##### Dataset records #####
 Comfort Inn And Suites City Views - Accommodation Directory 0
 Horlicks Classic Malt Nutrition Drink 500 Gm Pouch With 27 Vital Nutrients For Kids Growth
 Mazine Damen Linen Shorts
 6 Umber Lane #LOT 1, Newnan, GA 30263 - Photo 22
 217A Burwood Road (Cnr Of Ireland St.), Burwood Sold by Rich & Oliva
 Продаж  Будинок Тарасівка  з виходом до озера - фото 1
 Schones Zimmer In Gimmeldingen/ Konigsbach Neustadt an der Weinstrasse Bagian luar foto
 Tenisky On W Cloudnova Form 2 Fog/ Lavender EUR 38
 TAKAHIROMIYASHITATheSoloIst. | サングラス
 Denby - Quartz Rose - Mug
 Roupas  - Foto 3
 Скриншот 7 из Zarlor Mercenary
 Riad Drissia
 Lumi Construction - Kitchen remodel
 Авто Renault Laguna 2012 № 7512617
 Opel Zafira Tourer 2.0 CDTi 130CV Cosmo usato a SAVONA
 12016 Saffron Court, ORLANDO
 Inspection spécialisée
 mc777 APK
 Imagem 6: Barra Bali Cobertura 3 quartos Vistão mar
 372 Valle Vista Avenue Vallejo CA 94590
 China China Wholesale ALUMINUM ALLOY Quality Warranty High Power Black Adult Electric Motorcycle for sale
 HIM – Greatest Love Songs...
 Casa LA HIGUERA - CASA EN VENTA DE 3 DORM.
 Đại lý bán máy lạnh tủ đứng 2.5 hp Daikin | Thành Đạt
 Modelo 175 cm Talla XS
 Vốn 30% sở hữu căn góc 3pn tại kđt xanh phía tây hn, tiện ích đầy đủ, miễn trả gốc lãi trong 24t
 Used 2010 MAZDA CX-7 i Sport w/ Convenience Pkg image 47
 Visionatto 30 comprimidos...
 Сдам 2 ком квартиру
#####
**Work to complete:** Give only the lines from the one holding "China China Wholesale" through the one holding "Modelo 175 cm Talla XS", each restated exactly as it appears above.

**Your response:**
 China China Wholesale ALUMINUM ALLOY Quality Warranty High Power Black Adult Electric Motorcycle for sale
 HIM – Greatest Love Songs...
 Casa LA HIGUERA - CASA EN VENTA DE 3 DORM.
 Đại lý bán máy lạnh tủ đứng 2.5 hp Daikin | Thành Đạt
 Modelo 175 cm Talla XS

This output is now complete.